Exploration of the area by early settlers continued into the 1800’s. The Indian Removal Act was approved in 1830. In the 1840’s immigrants began moving to the area on the Oregon Trail. From 1840 to 1860, 250,000 settlers traversed the Oregon Trail. John C. Fremont explored the area that would become the Warm Springs Reservation in 1843.
In 1855 Native Americans were forced onto reservations. Most of their ancestral lands were ceded to the U.S. The Wasco and Warm Springs tribes ceded ten million acres.
The Northern Paiutes fought against scouts, soldiers, settlers, and other tribes in an attempt to keep their lands. They were finally defeated by General George Crook between 1866 to 1868 and forced on to the reservation.
The tribes were forced to give up their culture. Certain traditions were outlawed. Children were forced to attend boarding schools.
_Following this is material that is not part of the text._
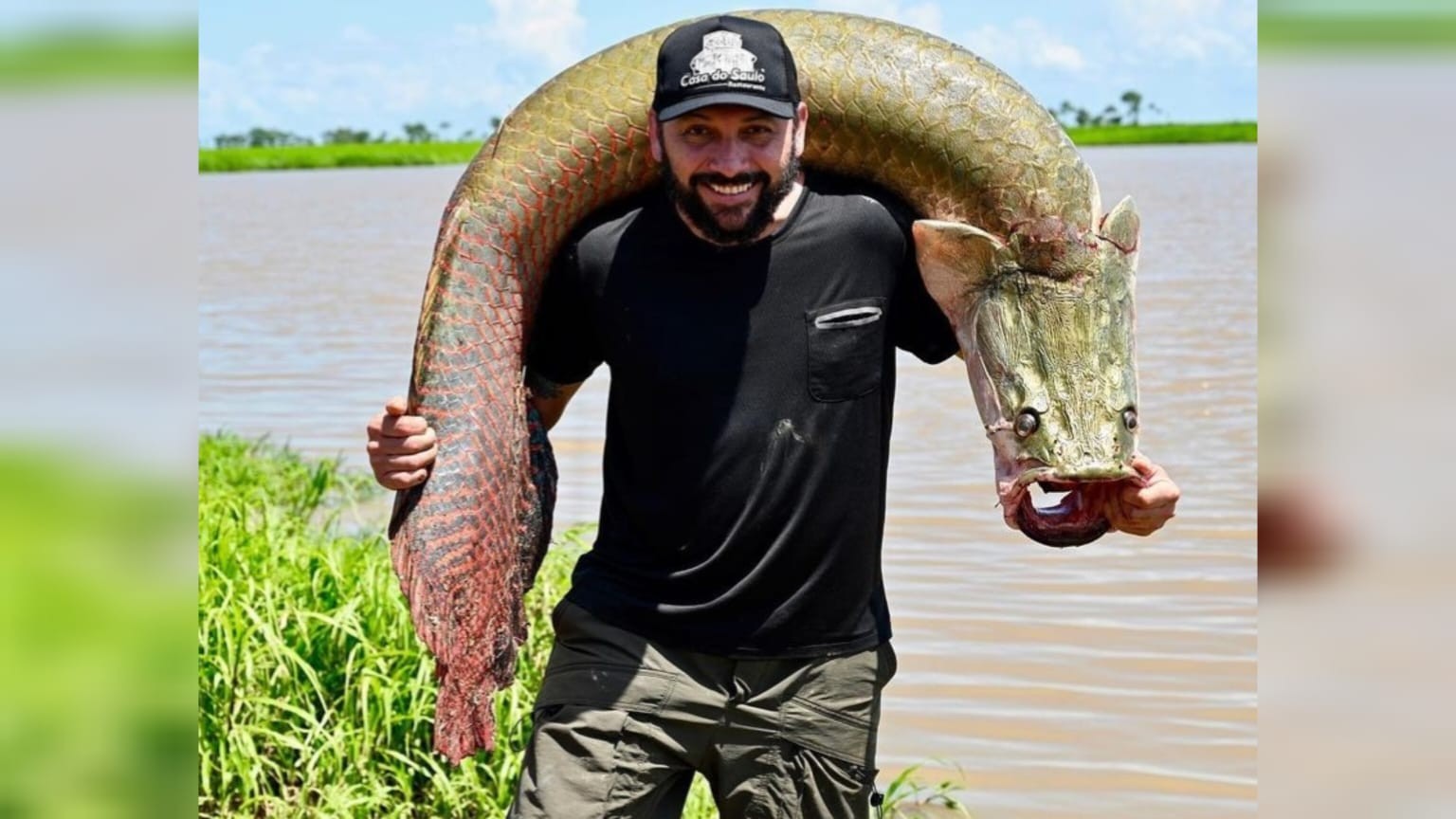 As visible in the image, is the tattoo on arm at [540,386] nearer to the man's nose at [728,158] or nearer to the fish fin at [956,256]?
the man's nose at [728,158]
If they were caught speaking their native language they were given demerits.
The Warm Springs Museum preserves part of the past and passes on valuable information to future generations. A short film on the history of local Native Americans plays as you enter the exhibit hall. You learn that water was important to all tribes and was referred to as the “blood of life”.
As you make your way through the Museum you will see an impressive collection of artifacts and recreations that give you a glimpse into the various tribes’ way of life. Many of the items are decorated with tiny seed beads that show an amazing amount of detail and artistry. Belts, bags, buckskin clothing, and war bonnets all feature intricate beadwork.
Re-creations of a wickiup and tule mat lodge invite visitors to look inside the structures local Native Americans lived in. A small, rustic cabin stands nearby. Tools of daily life are visible inside the structures.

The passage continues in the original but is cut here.